/**
* Calculates the greatest common divisor and Bezout's identity.
*
* Say you have 693 and 609. The GCD is 21. Bezout's identity states that there exist integers x and y such that
* 693*x + 609*y == 21. In point of fact, there are actually an infinite number of x and y combinations and which
* combination is returned is dependant upon which mode is in use. See
* {@link http://en.wikipedia.org/wiki/B%C3%A9zout%27s_identity Bezout's identity - Wikipedia} for more information.
*
* Here's an example:
* <code>
* <?php
* $a = new \Topxia\Service\Util\Phpsec\Math\BigInteger(693);
* $b = new \Topxia\Service\Util\Phpsec\Math\BigInteger(609);
*
* extract($a->extendedGCD($b));
*
* echo $gcd->toString() . "\r\n"; // outputs 21
* echo $a->toString() * $x->toString() + $b->toString() * $y->toString(); // outputs 21
* ?>
* </code>
*
* @access public
* @internal Calculates the GCD using the binary xGCD algorithim described in
* {@link http://www.cacr.math.uwaterloo.ca/hac/about/chap14.pdf#page=19 HAC 14.61}. As the text above 14.61 notes,
* the more traditional algorithim requires "relatively costly multiple-precision divisions".

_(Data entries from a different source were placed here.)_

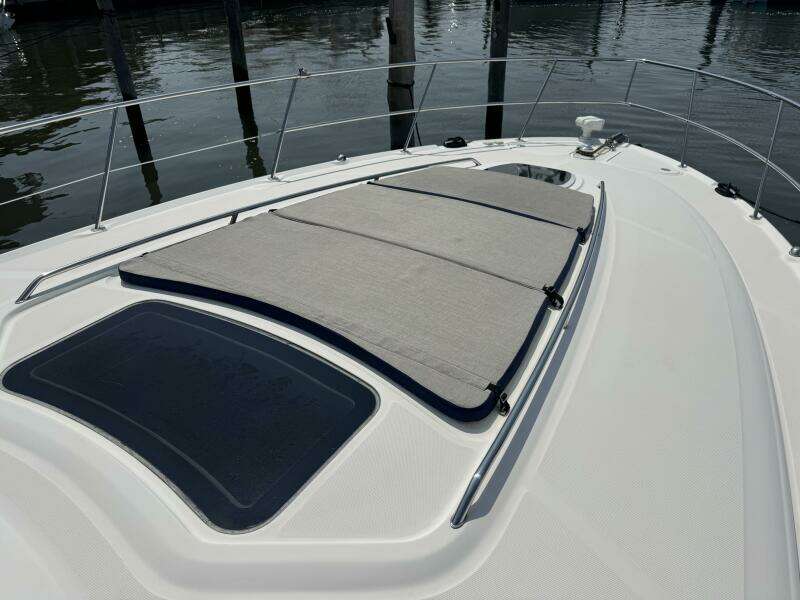 Grand Bleu 42ft Sea Ray Yacht For Sale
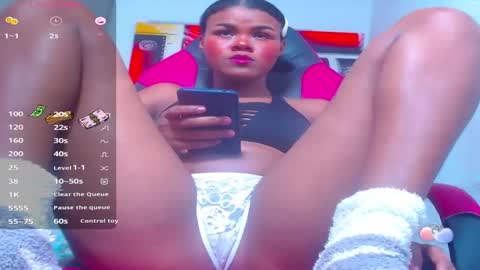 Snapshot of karla_latina_28 chatting on 29, 9, 2025 karla latina 28 online show from 29, 9, 2025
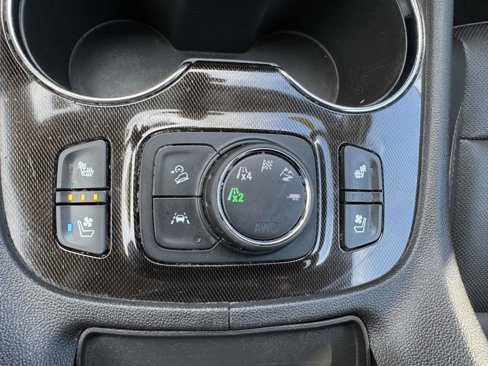 Used 2022 GMC Acadia AT4 w/ Technology Package image 32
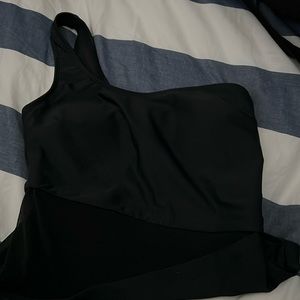 One piece, mesh panel bathing suit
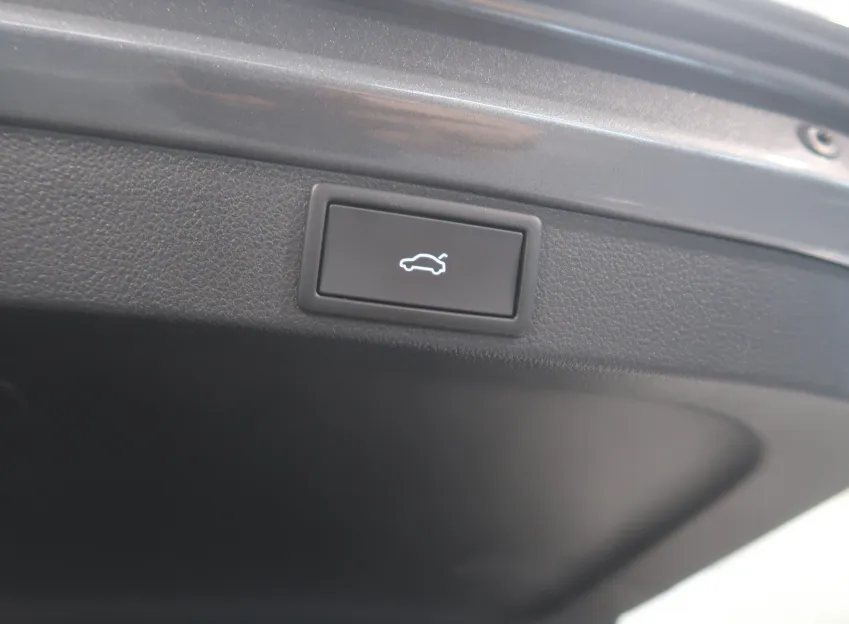Škoda Octavia SELECTION 2.0TDI 110KW DSG LED MATRIX NAVI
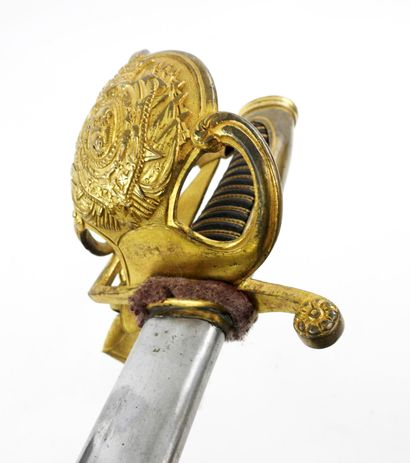 ARMES BLANCHES. Sabre d'officier du 6e régiment...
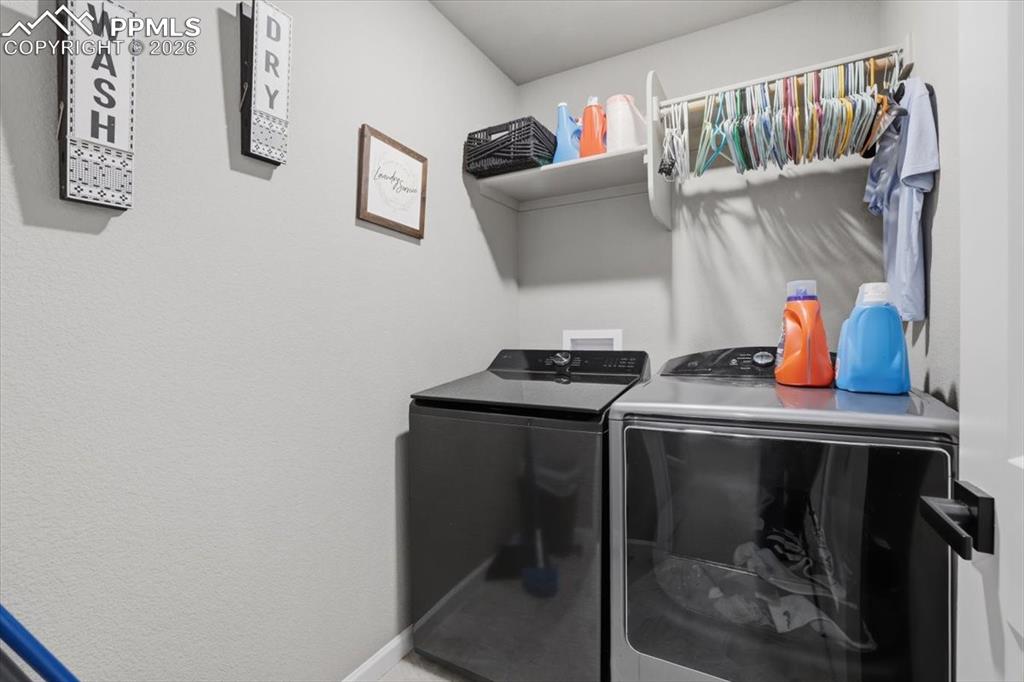 Image 21 of 50: Laundry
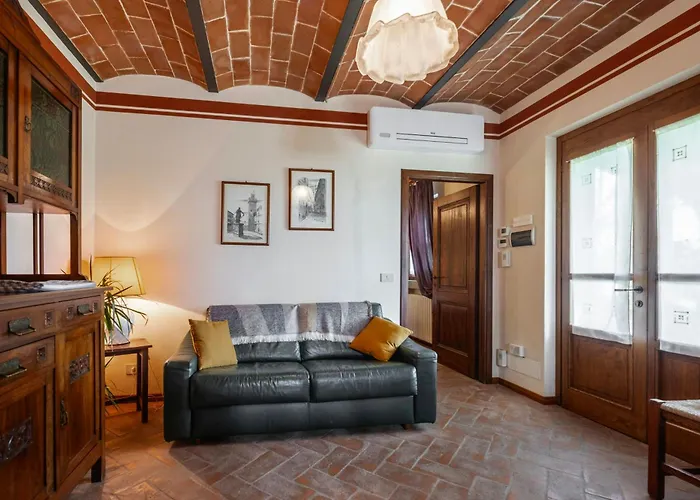 With Valley Views Near Cortona Apartamento Civitella in Val di Chiana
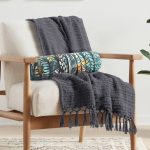 - RealHomes Özel Tasarımlı Dijital Baskılı İç Dolgulu Fermuarlı Silindir Yastık - Realhomes Siyah Zemin Üzerinde Yaprak Desenli Dijital Baskılı Modern İç Dolgulu Süet Silindir Yastık Kırlent - Bel Yastığı Realhomes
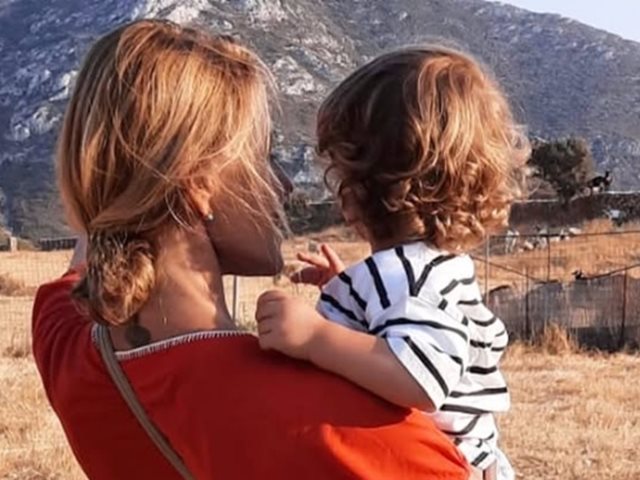 Παναγιώτης-Αντώνιος Κικίλιας- Για τοξοβολία με τη μαμά του, Τζένη Μπαλατσινού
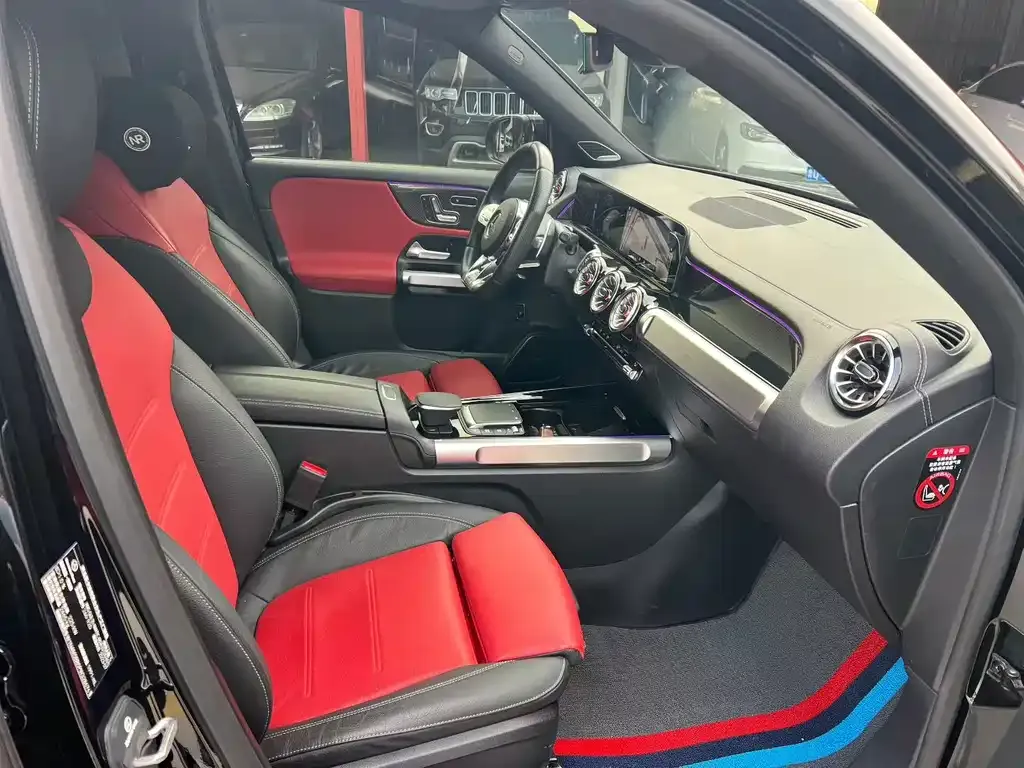 Mercedes-Benz GLB AMG — фото 9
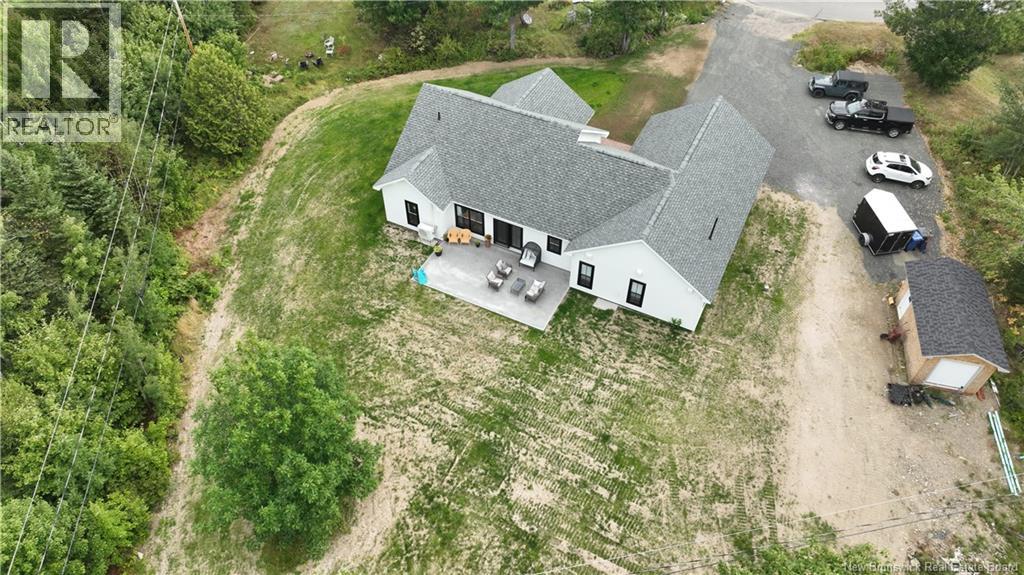 4 Riverview Ave, Miramichi, New Brunswick  E1N 3J9 - Photo 2 - NB125031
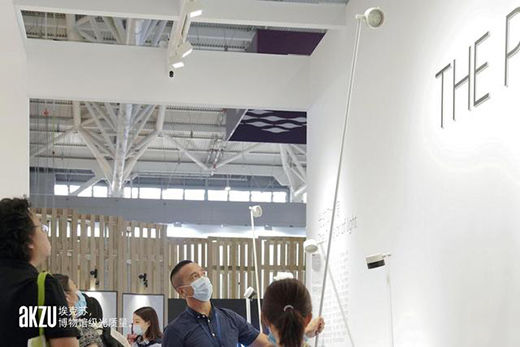 �Ҿ�����֮��(chu��ng)�콹�c(di��n)�Ľ��c(di��n)�������KThe Pole��(bi��o)�Uϵ��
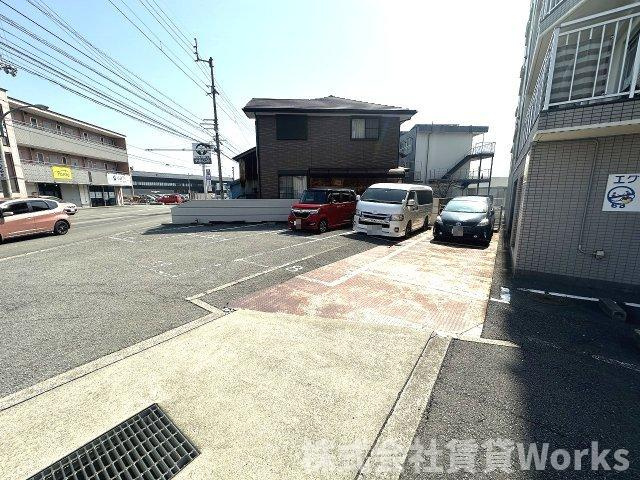 エグゼ古川の駐車場|車をお持ちの方に嬉しい駐車場付きの物件です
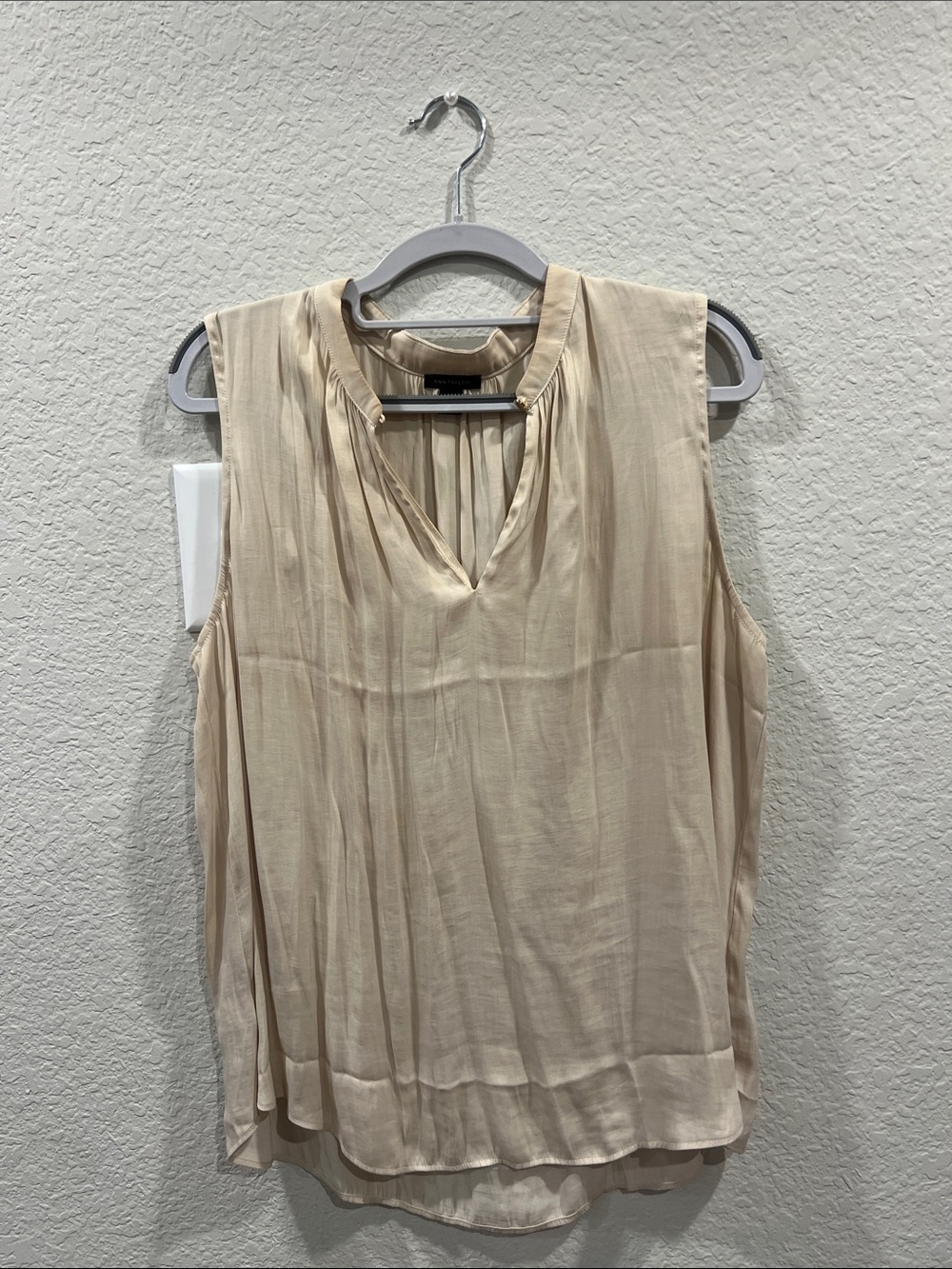 Ann Taylor Neutral Beige Sleeveless Pleated V-Neck Top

* @param \Topxia\Service\Util\Phpsec\Math\BigInteger $n
* @return \Topxia\Service\Util\Phpsec\Math\BigInteger
*/
public function extendedGCD($n)
{
switch (MATH_BIGINTEGER_MODE) {
case self::MODE_GMP:
extract(gmp_gcdext($this->value, $n->value));
return array('gcd' => $this->_normalize(new static($g)), 'x' => $this->_normalize(new static($s)), 'y' => $this->_normalize(new static($t)));
case self::MODE_BCMATH:
// it might be faster to use the binary xGCD algorithim here, as well, but (1) that algorithim works
// best when the base is a power of 2 and (2) i don't think it'd make much difference, anyway. as is,
// the basic extended euclidean algorithim is what we're using.
$u = $this->value;
$v = $n->value;
$a = '1';
$b = '0';
$c = '0';
$d = '1';
while (bccomp($v, '0', 0) != 0) {
$q = bcdiv($u, $v, 0);
$temp = $u;
$u = $v;
$v = bcsub($temp, bcmul($v, $q, 0), 0);
$temp = $a;
$a = $c;
$c = bcsub($temp, bcmul($a, $q, 0), 0);
$temp = $b;
$b = $d;
$d = bcsub($temp, bcmul($b, $q, 0), 0);
}
return array('gcd' => $this->_normalize(new static($u)), 'x' => $this->_normalize(new static($a)), 'y' => $this->_normalize(new static($b)));
}
$y = $n->copy();
$x = $this->copy();
$g = new static();
$g->value = array(1);
while (!($x->value[0] & 1 || $y->value[0] & 1)) {
$x->_rshift(1);
$y->_rshift(1);
$g->_lshift(1);
}
$u = $x->copy();
$v = $y->copy();
$a = new static();
$b = new static();
$c = new static();
$d = new static();
$a->value = $d->value = $g->value = array(1);
$b->value = $c->value = array();
while (!empty($u->value)) {
while (!($u->value[0] & 1)) {
$u->_rshift(1);
if (!empty($a->value) && $a->value[0] & 1 || !empty($b->value) && $b->value[0] & 1) {
$a = $a->add($y);
$b = $b->subtract($x);
}
$a->_rshift(1);
$b->_rshift(1);
}
while (!($v->value[0] & 1)) {
$v->_rshift(1);
if (!empty($d->value) && $d->value[0] & 1 || !empty($c->value) && $c->value[0] & 1) {
$c = $c->add($y);
$d = $d->subtract($x);
}
$c->_rshift(1);
$d->_rshift(1);
}
if ($u->compare($v) >= 0) {
$u = $u->subtract($v);
$a = $a->subtract($c);
$b = $b->subtract($d);
} else {
$v = $v->subtract($u);
$c = $c->subtract($a);
$d = $d->subtract($b);
}
}
return array('gcd' => $this->_normalize($g->multiply($v)), 'x' => $this->_normalize($c), 'y' => $this->_normalize($d));
}